Scalability and Sizing¶

If the platform seems to be slow, there may be an infrastructure constraint in terms of resources that could be causing this. This section describes how different aspects of scalability have been kept in mind when designing the platform.

The way to think about scalability in the platform is:

Production
Simulation and other jobs
User-initiated analytics
Application

Production¶

The production scalability again can be thought of in two parts:

Time to execute the artifact-bundle/policy
Throughput for the production orchestration

The time taken for the artifact-bundle depends on the complexity of the logic written in the platform. This can be sped up by writing more efficient codes or simplifying the logic.

The throughput for the orchestrations depends on the method of deployment of the Production layer, whether it is an HTTP API, serverless architecture, python runtime execution, etc.

Simulation and other jobs¶

The simulations and other jobs like Comparison, Validation, etc. Use the Celery workers to perform tasks. There are 2 parts which can be considered here:

Number of parallel jobs to run
Cluster nodes available for use per job

If the number of parallel jobs is a concern, due to a large job blocking the queue of later jobs, etc. - this can be handled by adding more "Spark - Celery Workers" as needed. The Celery Workers are stateless and all state is maintained in the Task Messaging queue (Redis) and removing/adding more is seamless.

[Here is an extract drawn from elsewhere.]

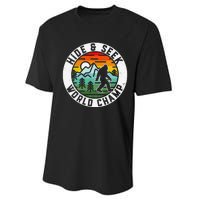 Bigfoot Hide And Seek World Champ Sasquatch Silhouette Performance Sprint T-Shirt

Note that adding too many Spark - Celery workers could cause resource contention between the workers themselves and may require an increase in cluster nodes.

If the spark jobs themselves are slow - then the issue is more likely the cluster nodes available per job. i.e. the number of Spark workers or YARN containers that are allocated per job. To make this faster, more spark nodes need to be provided to make Spark jobs run faster.

User-initiated analytics¶

The platform's Notebook section allows the user to initiate their own jobs in a free-form manner using Python/PySpark. As these jobs are user-dependent, they can utilize a large number of cluster resources if not used correctly. If this causes issues with the Simulation jobs, it is recommended to use separate YARN queues to manage the resource allocation appropriately.

Application¶

The Application's scalability is an important factor to consider when the number of concurrent users starts increasing over time. This can impact the usability of the application itself and can be scaled by identifying which portion of the application is causing the bottleneck. The Metadata Database or the API Server could be the cause of issues here. It can be easily rectified by adding more resources to these components or parallelizing them with Database Read Replicas or API Servers appropriately.

Note

The API Servers are stateless and can be easily scaled up/down as needed.